[RECORDED DATA Boundary: Start]

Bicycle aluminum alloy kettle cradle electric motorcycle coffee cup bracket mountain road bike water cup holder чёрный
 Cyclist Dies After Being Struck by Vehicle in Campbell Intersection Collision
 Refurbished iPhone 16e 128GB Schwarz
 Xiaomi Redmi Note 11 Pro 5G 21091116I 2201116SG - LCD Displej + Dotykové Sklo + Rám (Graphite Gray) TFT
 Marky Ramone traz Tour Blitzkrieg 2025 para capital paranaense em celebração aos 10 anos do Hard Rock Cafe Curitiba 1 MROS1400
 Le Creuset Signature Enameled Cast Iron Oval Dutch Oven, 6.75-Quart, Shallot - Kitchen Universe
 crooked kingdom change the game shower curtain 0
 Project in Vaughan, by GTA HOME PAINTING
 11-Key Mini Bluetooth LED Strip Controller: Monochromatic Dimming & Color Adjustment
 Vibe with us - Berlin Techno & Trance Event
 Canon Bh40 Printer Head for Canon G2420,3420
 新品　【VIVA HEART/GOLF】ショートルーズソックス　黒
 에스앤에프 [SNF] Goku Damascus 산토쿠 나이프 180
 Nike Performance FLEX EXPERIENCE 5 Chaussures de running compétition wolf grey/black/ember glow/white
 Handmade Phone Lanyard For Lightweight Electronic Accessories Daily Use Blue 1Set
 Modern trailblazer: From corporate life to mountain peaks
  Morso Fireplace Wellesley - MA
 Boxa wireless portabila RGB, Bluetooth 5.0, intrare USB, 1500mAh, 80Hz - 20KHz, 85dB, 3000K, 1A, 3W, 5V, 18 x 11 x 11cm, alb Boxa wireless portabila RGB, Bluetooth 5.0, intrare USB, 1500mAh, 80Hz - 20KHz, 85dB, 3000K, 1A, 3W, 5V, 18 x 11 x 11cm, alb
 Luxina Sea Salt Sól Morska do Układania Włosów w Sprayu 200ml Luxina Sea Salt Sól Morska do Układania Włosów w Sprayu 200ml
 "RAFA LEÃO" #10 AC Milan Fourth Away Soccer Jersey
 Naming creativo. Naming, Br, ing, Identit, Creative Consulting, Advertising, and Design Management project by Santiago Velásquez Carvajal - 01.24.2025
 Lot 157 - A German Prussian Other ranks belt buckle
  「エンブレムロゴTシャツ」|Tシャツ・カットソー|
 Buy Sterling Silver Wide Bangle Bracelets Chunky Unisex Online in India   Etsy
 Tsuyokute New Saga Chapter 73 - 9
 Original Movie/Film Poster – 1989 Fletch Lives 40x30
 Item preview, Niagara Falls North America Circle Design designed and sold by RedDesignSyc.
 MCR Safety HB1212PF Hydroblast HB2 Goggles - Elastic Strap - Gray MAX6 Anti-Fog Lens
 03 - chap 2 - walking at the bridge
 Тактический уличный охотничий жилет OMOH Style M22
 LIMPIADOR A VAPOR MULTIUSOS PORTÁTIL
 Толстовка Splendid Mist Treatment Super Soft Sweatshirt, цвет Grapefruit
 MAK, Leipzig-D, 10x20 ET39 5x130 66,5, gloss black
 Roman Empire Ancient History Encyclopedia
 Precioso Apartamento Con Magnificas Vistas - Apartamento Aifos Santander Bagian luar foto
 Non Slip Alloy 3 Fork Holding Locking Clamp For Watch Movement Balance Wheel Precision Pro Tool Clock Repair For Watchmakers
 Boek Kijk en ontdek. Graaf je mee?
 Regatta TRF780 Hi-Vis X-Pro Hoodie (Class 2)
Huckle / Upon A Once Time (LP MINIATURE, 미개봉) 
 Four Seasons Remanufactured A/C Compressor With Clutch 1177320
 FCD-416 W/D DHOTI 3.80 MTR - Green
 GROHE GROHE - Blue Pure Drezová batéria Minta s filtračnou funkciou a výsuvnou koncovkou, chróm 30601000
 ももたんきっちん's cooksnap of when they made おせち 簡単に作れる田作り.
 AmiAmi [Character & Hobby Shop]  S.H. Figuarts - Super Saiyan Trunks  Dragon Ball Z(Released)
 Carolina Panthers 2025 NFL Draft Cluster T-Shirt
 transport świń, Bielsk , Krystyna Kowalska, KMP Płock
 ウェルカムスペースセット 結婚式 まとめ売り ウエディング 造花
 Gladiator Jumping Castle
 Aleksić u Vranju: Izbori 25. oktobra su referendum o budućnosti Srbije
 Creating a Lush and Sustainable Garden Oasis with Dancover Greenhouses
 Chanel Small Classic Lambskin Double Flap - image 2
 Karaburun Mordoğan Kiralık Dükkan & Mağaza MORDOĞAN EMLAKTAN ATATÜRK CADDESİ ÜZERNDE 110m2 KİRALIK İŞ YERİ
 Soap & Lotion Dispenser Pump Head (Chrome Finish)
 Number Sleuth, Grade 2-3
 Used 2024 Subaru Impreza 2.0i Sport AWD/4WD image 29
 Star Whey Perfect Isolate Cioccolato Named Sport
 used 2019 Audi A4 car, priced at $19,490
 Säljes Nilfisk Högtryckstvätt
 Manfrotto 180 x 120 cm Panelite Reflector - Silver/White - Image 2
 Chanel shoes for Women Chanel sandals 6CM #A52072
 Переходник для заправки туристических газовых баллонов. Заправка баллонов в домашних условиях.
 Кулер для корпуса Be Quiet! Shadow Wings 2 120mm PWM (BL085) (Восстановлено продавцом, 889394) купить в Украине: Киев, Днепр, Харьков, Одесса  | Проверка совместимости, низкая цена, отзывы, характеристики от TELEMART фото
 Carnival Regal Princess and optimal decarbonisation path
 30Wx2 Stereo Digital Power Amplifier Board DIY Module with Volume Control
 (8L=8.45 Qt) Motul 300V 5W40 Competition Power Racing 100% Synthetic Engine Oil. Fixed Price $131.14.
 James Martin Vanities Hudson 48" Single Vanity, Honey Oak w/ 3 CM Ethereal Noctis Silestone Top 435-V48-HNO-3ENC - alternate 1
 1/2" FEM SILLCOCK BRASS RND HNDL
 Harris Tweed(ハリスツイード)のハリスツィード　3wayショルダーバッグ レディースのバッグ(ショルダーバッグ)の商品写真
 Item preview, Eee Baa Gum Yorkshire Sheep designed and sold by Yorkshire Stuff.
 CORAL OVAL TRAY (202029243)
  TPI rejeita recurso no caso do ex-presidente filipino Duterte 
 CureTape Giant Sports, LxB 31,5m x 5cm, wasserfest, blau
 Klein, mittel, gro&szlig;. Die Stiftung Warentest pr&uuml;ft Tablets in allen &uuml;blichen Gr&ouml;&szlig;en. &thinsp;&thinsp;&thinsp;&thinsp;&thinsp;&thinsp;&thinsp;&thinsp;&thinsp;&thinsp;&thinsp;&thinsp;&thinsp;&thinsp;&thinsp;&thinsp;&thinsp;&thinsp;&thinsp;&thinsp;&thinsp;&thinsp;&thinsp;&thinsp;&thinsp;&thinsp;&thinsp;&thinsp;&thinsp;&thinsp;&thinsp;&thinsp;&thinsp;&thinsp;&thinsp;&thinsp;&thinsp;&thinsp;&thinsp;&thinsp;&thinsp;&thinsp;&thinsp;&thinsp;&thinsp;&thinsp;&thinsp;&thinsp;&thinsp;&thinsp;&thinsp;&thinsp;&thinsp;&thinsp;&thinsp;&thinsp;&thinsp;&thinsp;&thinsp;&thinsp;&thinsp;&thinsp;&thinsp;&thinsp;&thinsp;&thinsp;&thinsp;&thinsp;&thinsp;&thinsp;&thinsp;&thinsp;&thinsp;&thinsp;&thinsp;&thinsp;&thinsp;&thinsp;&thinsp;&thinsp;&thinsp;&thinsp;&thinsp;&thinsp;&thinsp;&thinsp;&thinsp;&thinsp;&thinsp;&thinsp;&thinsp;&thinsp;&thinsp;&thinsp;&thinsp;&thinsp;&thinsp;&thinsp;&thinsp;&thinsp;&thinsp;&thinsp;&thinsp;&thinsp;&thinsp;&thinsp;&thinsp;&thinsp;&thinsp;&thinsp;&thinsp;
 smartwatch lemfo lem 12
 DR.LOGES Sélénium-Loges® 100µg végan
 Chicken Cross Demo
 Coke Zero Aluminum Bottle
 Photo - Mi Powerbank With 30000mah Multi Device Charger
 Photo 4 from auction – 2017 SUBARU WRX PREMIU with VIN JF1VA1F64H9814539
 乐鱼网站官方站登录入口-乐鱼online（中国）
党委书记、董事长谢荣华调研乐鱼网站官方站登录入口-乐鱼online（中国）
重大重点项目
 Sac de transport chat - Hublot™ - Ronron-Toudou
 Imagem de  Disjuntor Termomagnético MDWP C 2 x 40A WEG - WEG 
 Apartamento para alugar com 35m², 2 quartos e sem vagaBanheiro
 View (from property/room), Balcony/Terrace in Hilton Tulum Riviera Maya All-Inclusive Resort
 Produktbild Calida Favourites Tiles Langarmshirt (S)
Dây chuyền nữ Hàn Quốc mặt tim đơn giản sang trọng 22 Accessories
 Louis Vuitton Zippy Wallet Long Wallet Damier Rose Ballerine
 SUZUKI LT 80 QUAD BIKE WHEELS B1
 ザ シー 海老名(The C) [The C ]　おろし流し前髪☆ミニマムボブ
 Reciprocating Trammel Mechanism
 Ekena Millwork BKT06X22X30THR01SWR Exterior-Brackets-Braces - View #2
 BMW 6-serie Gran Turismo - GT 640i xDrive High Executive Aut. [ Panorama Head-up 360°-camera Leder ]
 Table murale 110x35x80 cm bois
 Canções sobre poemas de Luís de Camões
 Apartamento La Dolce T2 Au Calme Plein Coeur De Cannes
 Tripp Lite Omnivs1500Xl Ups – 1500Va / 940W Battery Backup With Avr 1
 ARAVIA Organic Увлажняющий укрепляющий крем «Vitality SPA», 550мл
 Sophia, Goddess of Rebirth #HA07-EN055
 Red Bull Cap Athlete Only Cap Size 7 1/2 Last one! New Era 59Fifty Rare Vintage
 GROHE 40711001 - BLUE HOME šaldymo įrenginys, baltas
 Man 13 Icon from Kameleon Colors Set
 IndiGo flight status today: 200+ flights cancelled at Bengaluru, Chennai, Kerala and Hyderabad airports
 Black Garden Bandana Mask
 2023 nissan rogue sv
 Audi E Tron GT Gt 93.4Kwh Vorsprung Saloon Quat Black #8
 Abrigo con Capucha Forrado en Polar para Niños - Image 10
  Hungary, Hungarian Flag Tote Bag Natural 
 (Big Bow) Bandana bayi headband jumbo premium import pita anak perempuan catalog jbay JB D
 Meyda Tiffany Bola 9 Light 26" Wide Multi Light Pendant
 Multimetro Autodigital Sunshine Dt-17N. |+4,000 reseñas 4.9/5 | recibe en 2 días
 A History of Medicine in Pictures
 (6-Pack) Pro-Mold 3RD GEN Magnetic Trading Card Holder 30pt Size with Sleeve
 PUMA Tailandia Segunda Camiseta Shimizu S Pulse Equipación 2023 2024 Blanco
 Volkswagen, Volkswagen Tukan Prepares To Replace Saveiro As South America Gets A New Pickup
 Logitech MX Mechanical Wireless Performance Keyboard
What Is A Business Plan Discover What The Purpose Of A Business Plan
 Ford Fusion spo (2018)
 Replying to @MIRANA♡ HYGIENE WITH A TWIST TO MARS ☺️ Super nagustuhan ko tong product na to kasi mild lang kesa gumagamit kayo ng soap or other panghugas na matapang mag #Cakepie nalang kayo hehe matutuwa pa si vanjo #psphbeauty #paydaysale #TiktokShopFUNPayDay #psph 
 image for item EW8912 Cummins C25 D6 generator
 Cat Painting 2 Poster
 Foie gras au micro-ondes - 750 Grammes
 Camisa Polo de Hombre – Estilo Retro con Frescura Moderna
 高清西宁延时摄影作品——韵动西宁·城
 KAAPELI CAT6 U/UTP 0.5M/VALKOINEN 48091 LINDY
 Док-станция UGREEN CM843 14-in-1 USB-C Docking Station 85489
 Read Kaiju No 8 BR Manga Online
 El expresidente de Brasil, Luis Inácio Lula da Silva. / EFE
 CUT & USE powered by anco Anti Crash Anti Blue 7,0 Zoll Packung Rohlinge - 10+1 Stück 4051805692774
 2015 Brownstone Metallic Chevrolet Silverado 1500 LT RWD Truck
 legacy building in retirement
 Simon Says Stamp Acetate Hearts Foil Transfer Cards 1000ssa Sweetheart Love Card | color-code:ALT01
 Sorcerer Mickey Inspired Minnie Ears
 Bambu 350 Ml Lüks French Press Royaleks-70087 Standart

[RECORDED DATA Boundary: End]

• [WHAT THE EXERCISE ASKS] Using the entries shown above, reproduce verbatim the lines from the line bearing "Le Creuset Signature" to the line bearing "에스앤에프 [SNF] Goku Damascus 산토쿠 나이프 180", inclusive.

• [TASK ANSWER]
 Le Creuset Signature Enameled Cast Iron Oval Dutch Oven, 6.75-Quart, Shallot - Kitchen Universe
 crooked kingdom change the game shower curtain 0
 Project in Vaughan, by GTA HOME PAINTING
 11-Key Mini Bluetooth LED Strip Controller: Monochromatic Dimming & Color Adjustment
 Vibe with us - Berlin Techno & Trance Event
 Canon Bh40 Printer Head for Canon G2420,3420
 新品　【VIVA HEART/GOLF】ショートルーズソックス　黒
 에스앤에프 [SNF] Goku Damascus 산토쿠 나이프 180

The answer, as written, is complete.